The Esteemed James S.A. MacDonald
It would appear that JSA lost approximately ten million dollars in the past as a result of a derivative trade involving shares of Bank of Nova Scotia. This loss occurred in the past. Which ultimately led to yet another reiteration of the age-old tax question of whether a gain or loss on a financial instrument is to be taxed as income or as capital.

The name James S.A. MacDonald kept coming into my head as I listened to the live hearings of the Supreme Court of Canada yesterday to see if anything interesting was taking place. I was trying to figure out if anything was going on. In point of fact, there was: the JSA was a participant in a case that was brought against the Taxman.
This question concerns whether a gain or loss on a financial instrument is to be taxed as income or as capital. JSA has accounted for the loss by writing it off as a business expense, but the Supreme Court will ultimately decide whether or not his evaluation was accurate.

James MacDonald started his professional life in 1969 at McLeod Young Weir. By the time he left ScotiaMcLeod in 1997, he had worked his way up through the ranks to become the Deputy Chairman of the company. During that time, he was a pioneer in the hedge fund industry in Canada and was known as a trailblazer.
James MacDonald and the late Jim Doak established the activist hedge fund firm Enterprise Capital in 1997. Jim Doak was also one of the firm’s co-founders at the time of the company’s founding. When it first started, the company had assets worth a total of $200 million.
On the very first day of the IPO, Manulife and Claridge were two of the most important investors. The investment was made by Claridge, the family office of the Bronfman family in Montreal, and it was for thirty million dollars. Activist investing was the primary endeavor that contributed to Enterprise’s rise to prominence.

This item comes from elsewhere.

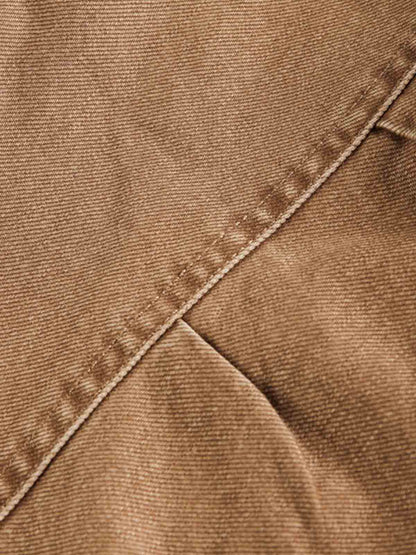 Leather Contrast Fold-Over Collar Multi Pocket Jacket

In New York City, the company maintained a close working relationship with Crescendo Advisors. They did a lot of their business together, such as investing in the same stocks, obtaining voting positions, and board seats together. 2009 was the year that marked the conclusion of Enterprise.
Enterprise Capital was where Greg Boland got his start in the financial industry before he became famous for his work at West Face Capital. Therefore, Greg Boland, also known as “the smartest man on Bay Street,” had his last boss at JSA. Greg Boland’s career on Bay Street came to an end there.
JSA wanted to engage in some form of temporary hedging, so he decided to engage in the transaction that ultimately led to the tax dispute. JSA’s concern was that the value of his Scotiabank shares would drop in the near future. It would seem that the lesson to be learned from this anecdote is that under no circumstances whatsoever should one bet against Canadian banks.
James MacDonald is a private investor and currently sits on the board of directors at Cymbria. He has been involved in the company for some time. This places him in the middle of a group consisting of exceptionally bright people. (I covered Cymbria in a previous post on Robert Krembil).

The appeal that James S. A. MacDonald made to the Supreme Court of the United States was not successful. Because his transaction was regarded as hedging rather than as speculation, rather than as revenue, it was recorded as a loss on capital. On the other hand, revenue was recorded as a result of the transaction.